If on  budget, there is always Christie Lodge!


----------



## Bigrob (Oct 15, 2014)

Has anyone been able to make a reservation at Beaver Creek? I get the "No availability was found for the selected resort with your selected length of stay. Try searching again with a different length of stay." message regardless of dates I select although they are all green. Even with a wide range of stay lengths and +/- 4 days on the check/in.

I was able to make some reservations at Park City earlier.


----------



## CO skier (Oct 15, 2014)

scootr5 said:


> Wow - 300K-550K for a week in Avon in prime season.....



It was predictable.

http://www.tugbbs.com/forums/showpost.php?p=1409860&postcount=27

For summer prime season though, a 1 bedroom is overpriced by at least 150,000 points, and these reservations may go begging, until the VIP discount period.

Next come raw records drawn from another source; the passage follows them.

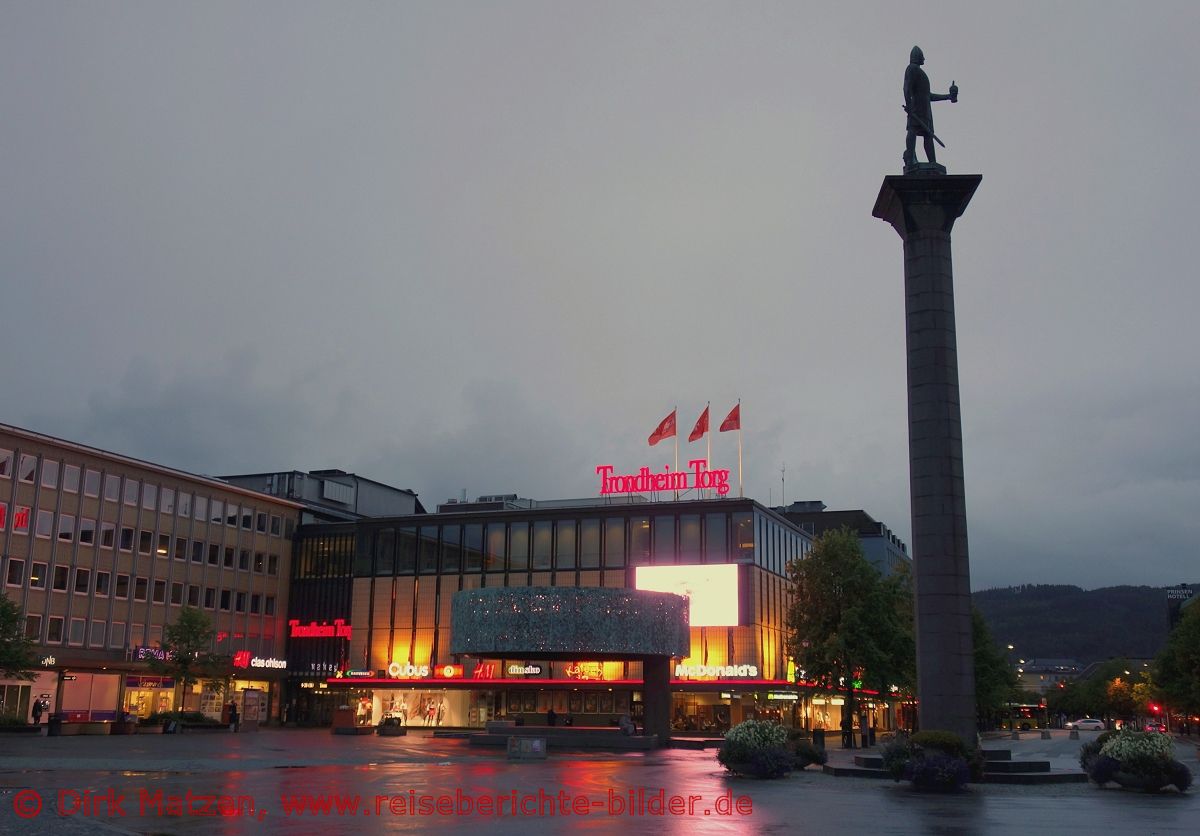 Trondheim, Torvet abends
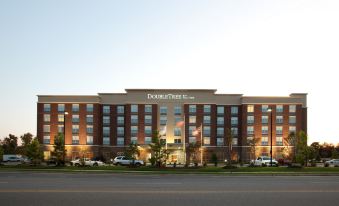 DoubleTree by Hilton Hotel Raleigh - Cary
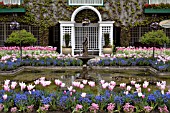 BUTCHART GARDENS. THE ITALIAN GARDEN IN SPRING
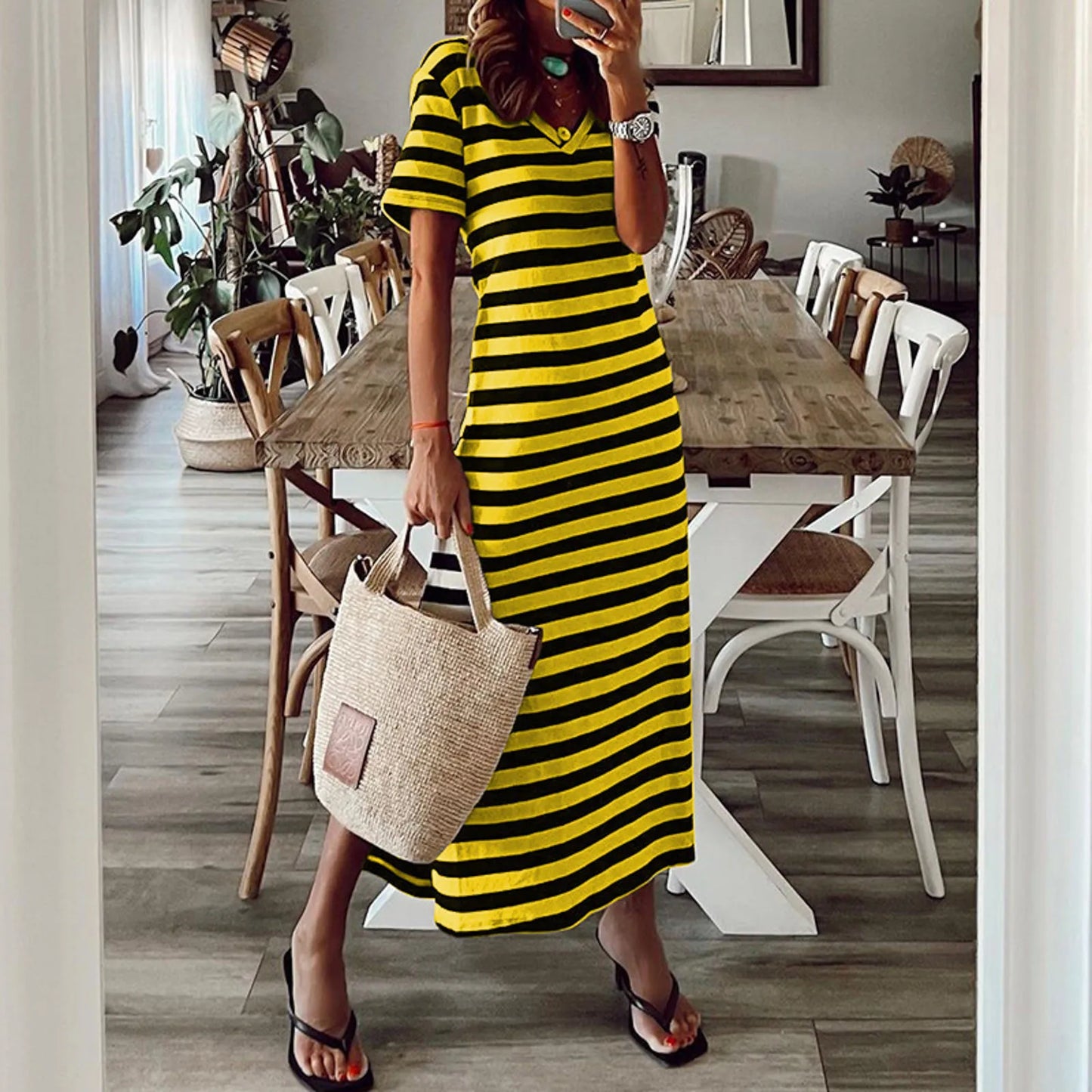 Vestido Longo Listrado com Decote em V: Vibração Eterna - Charme e Conexão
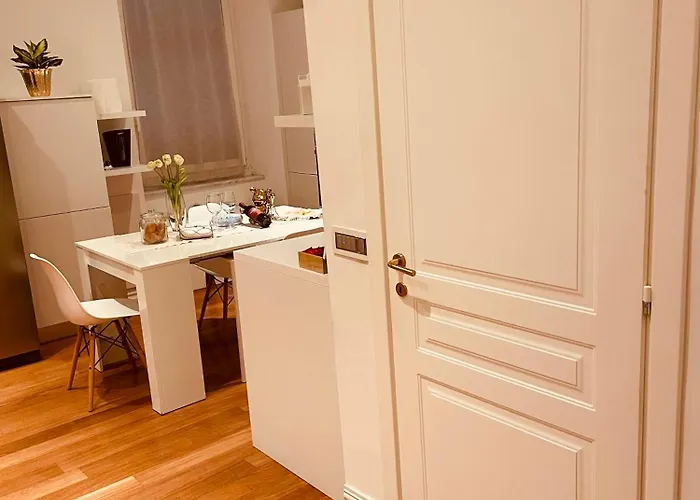 Апартаменты Luxury Dandy House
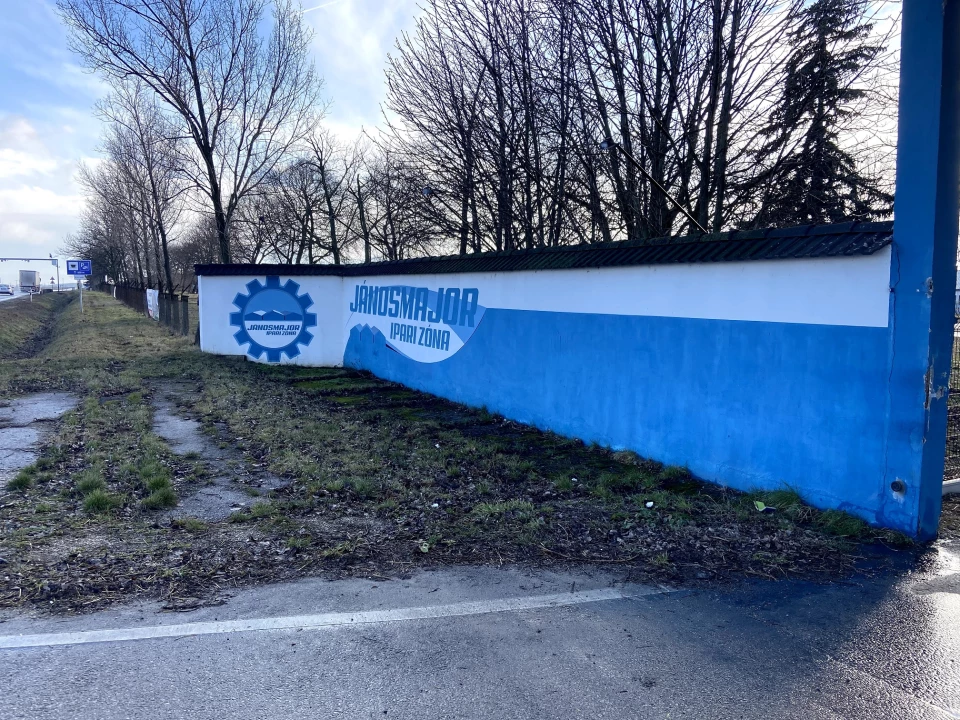 Kiadó műhely, Seregélyes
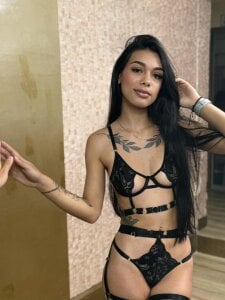 violetta23_sm Public Pic 4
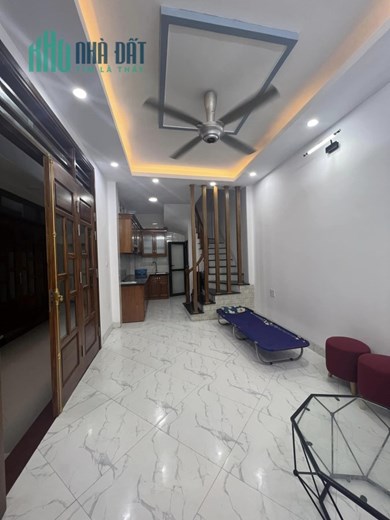Bán Nhà Gia Thụy , Quận Long Biên Giá 3.5 Tỷ  35M x 5 Tầng Lô Góc , Gara Ô Tô .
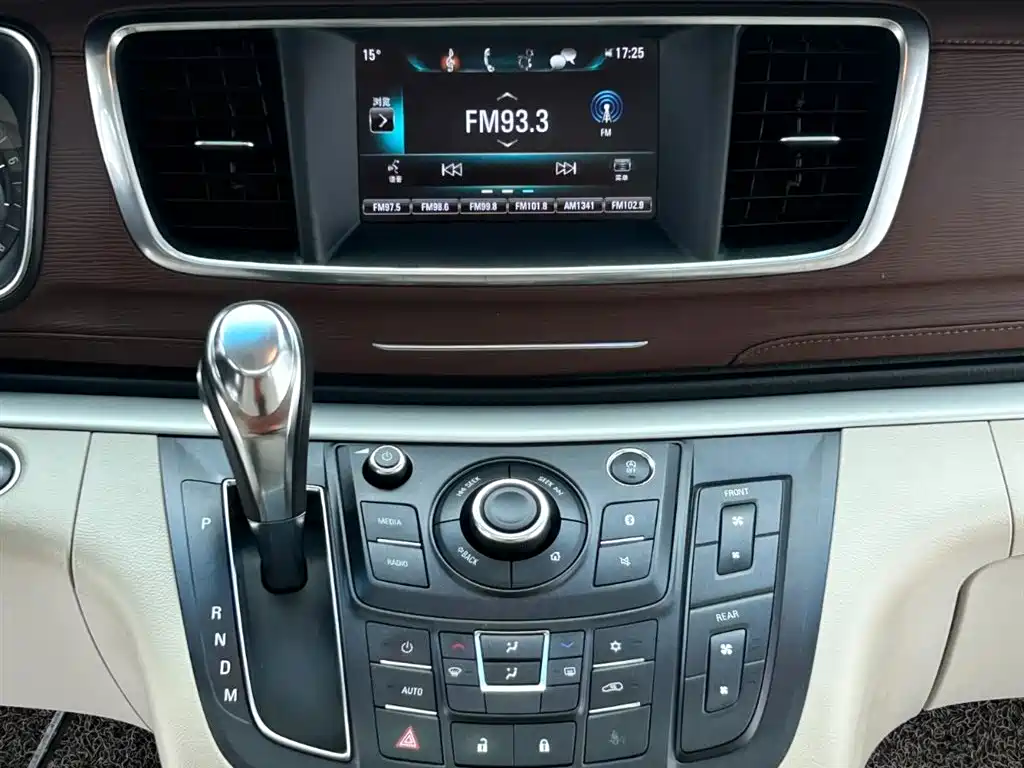 Buick GL8 2018 28T Luxury Model China VI фото 12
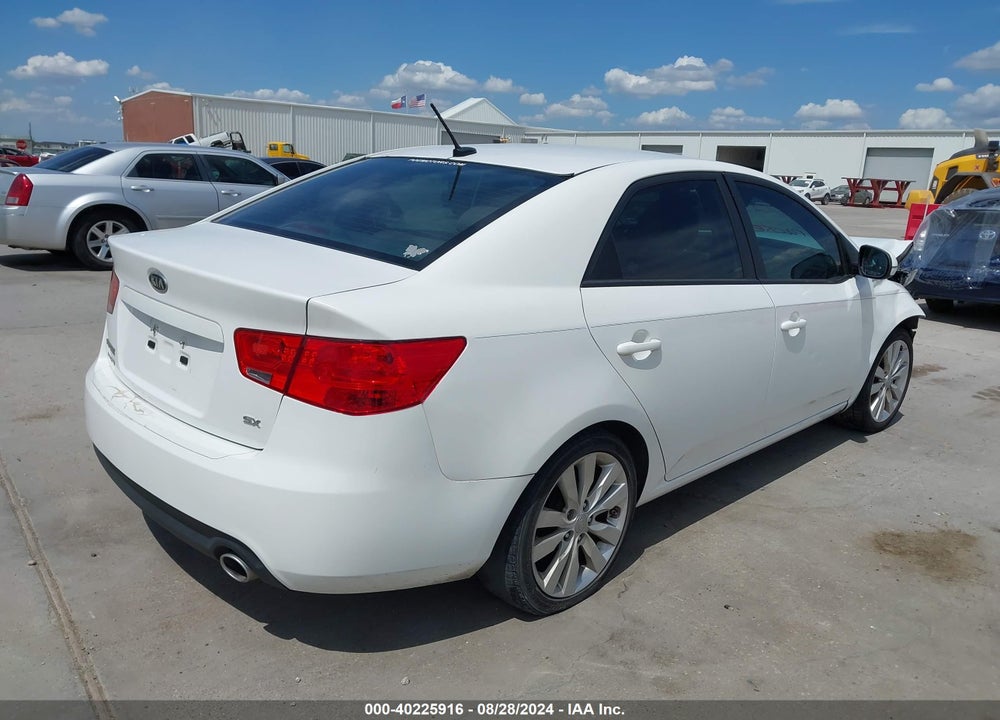 2013 KIA FORTE VIN: KNAFW4A30D5690489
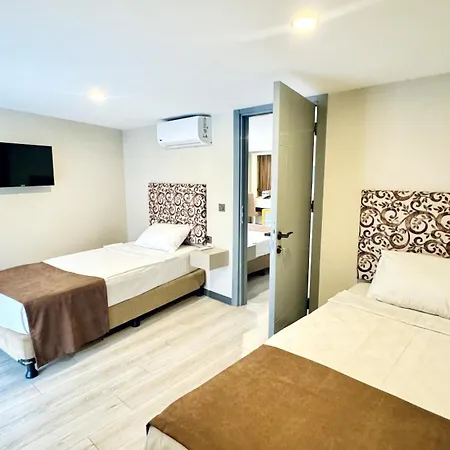 Hotel Toprak *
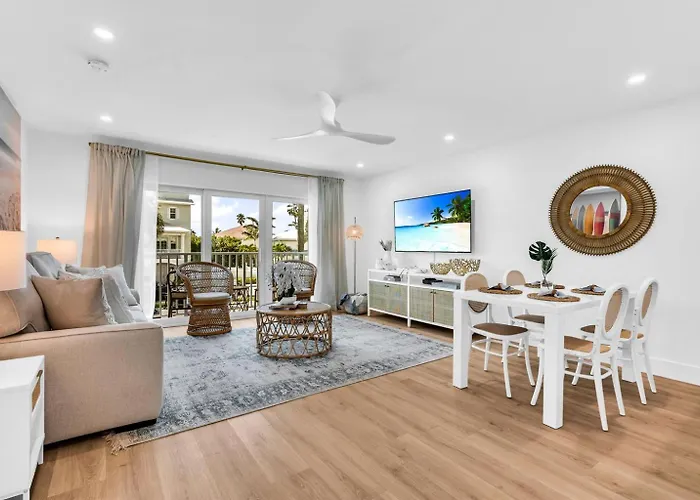 On The Beach Juno! 3-Top Rated Villa!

Since these are all Presidential Units, how much of that prime ski inventory will be Presidential Reserve?


----------



## sandkastle4966 (Oct 16, 2014)

Bigrob said:


> Has anyone been able to make a reservation at Beaver Creek? I get the "No availability was found for the selected resort with your selected length of stay. Try searching again with a different length of stay." message regardless of dates I select although they are all green. Even with a wide range of stay lengths and +/- 4 days on the check/in.
> 
> I was able to make some reservations at Park City earlier.




I get the same thing.....


----------



## pagosajim (Oct 16, 2014)

I called a VC to make a couple of Beaver Creek reservations.  Only size unit currently showing up are 2BR Presidential Reserve units.  Apparently nothing is available for booking online.


----------



## Bigrob (Oct 16, 2014)

Are there any good information resources about these new locations? There is very limited information about them on the Wyndham site directly.

Is it correct that neither one is ski-in/ski-out? Since the Beaver Creek resort information mentions a shuttle to Beaver Creek and Vail, I assumed not ski-in/ski-out. But no real information on Park City.


----------



## scootr5 (Oct 16, 2014)

Avon definitely is not ski in/out. It's across the street from the Westin Riverfront and the Riverfront Express gondola.


----------



## pagosajim (Oct 16, 2014)

scootr5 said:


> Avon definitely is not ski in/out. It's across the street from the Westin Riverfront and the Riverfront Express gondola.



True on the Avon location, although I stayed at the Sheraton a few years back and there's a free shuttle to the mountain provided by the town of Avon.  I'm guessing the Wyndham is on that same route and I believe they advertise a free shuttle service for the resort.

In Park City, the resort is next to one of the remote gondolas that will take you to the base of the mountain, again, for free.  I haven't been there, but imagine it to be similar to the gondola that is near the Steamboat Springs resort that also takes you to the base of the mountain.


----------



## Bigrob (Oct 16, 2014)

pagosajim said:


> True on the Avon location, although I stayed at the Sheraton a few years back and there's a free shuttle to the mountain provided by the town of Avon.  I'm guessing the Wyndham is on that same route and I believe they advertise a free shuttle service for the resort.
> 
> In Park City, the resort is next to one of the remote gondolas that will take you to the base of the mountain, again, for free.  I haven't been there, but imagine it to be similar to the gondola that is near the Steamboat Springs resort that also takes you to the base of the mountain.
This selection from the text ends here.